SOURCE RECORDS START

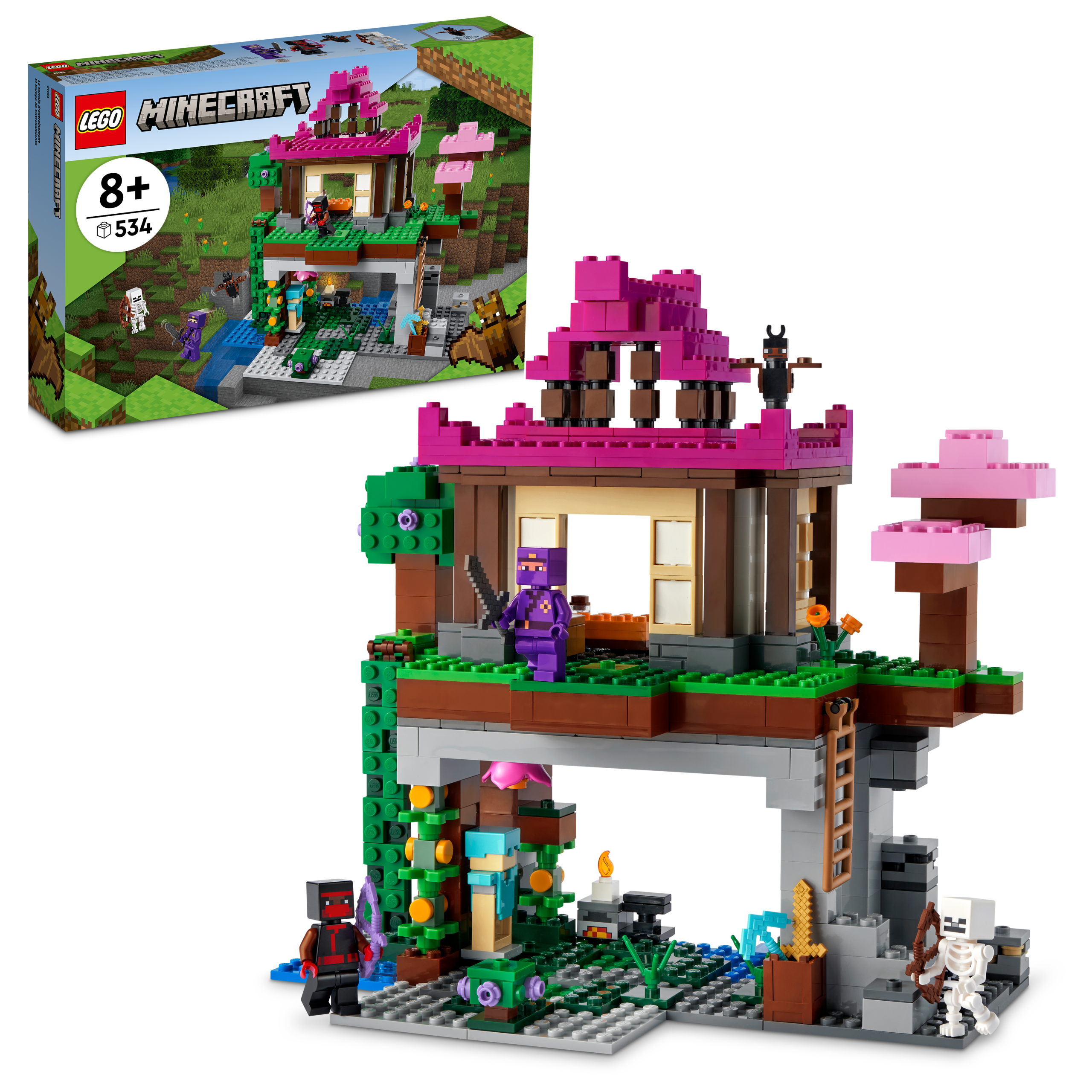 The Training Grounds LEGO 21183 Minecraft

SOURCE RECORDS END
SOURCE RECORDS START

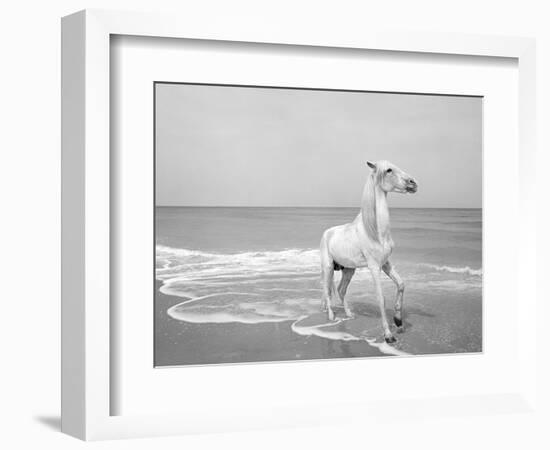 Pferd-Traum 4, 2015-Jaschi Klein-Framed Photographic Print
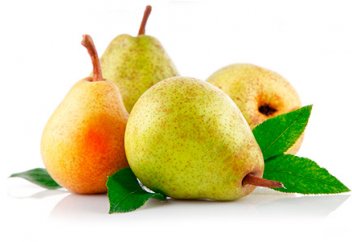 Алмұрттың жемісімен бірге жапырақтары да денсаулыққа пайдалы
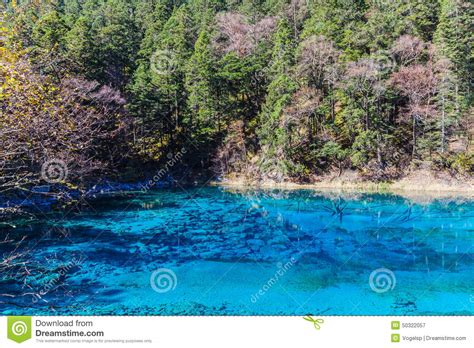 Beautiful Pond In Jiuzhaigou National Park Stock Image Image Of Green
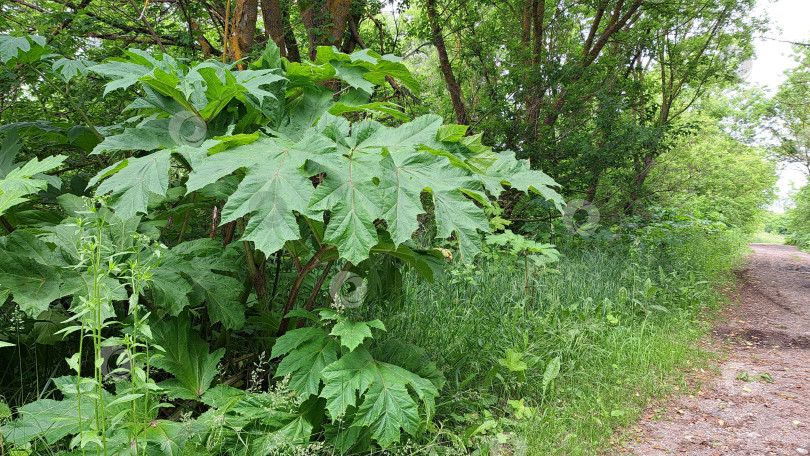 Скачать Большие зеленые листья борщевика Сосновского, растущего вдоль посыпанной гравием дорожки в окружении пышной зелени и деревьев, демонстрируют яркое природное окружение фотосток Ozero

SOURCE RECORDS END
SOURCE RECORDS START

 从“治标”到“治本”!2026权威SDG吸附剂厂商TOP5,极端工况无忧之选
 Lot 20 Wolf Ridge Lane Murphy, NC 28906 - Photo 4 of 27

SOURCE RECORDS END

WHAT YOU SHOULD DO: Text only, no pictures: please print exactly the lines above from the line with "Pferd-Traum 4, 2015-Jaschi" up to and including the line with "Скачать Большие зеленые", and nothing else.

SOLUTION TO THIS TASK:
 Pferd-Traum 4, 2015-Jaschi Klein-Framed Photographic Print
 Алмұрттың жемісімен бірге жапырақтары да денсаулыққа пайдалы
 Beautiful Pond In Jiuzhaigou National Park Stock Image Image Of Green
 Скачать Большие зеленые листья борщевика Сосновского, растущего вдоль посыпанной гравием дорожки в окружении пышной зелени и деревьев, демонстрируют яркое природное окружение фотосток Ozero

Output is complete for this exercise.